=== Begin Enclosure ===

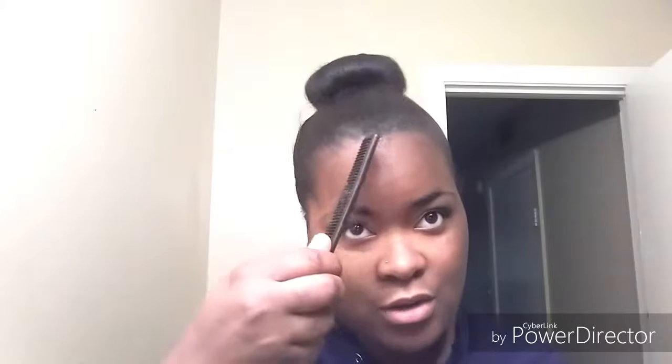I'm going to pull my head through like so. I need this for my edges — I don't have too many baby hairs, you guys.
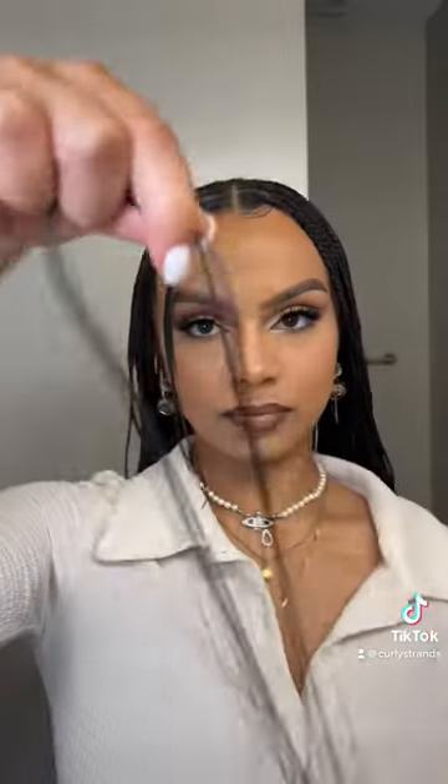Here's a closer look at exactly how I get my braids super flat and neat at home, since this style would cost me about $400. Absolutely not.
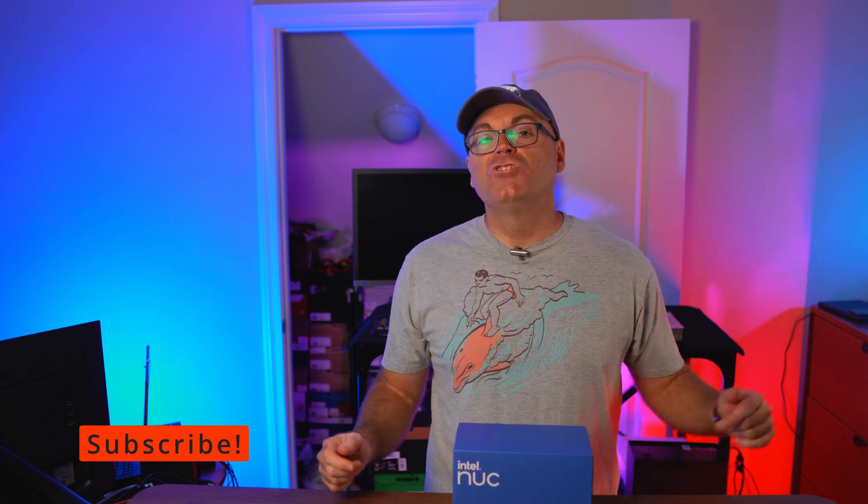That's pretty much it, guys. Hit the thumbs up if you liked the video, stay tuned and subscribe if you're new, and check out the link in the description below if you want to support the channel directly — it helps me tremendously to bring you videos like this regularly. As always, have a wonderful day.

=== End Enclosure ===

Problem requirements - Write the listing above out again exactly, dropping each image.

Your response -
I'm going to pull my head through like so. I need this for my edges — I don't have too many baby hairs, you guys.
Here's a closer look at exactly how I get my braids super flat and neat at home, since this style would cost me about $400. Absolutely not.
That's pretty much it, guys. Hit the thumbs up if you liked the video, stay tuned and subscribe if you're new, and check out the link in the description below if you want to support the channel directly — it helps me tremendously to bring you videos like this regularly. As always, have a wonderful day.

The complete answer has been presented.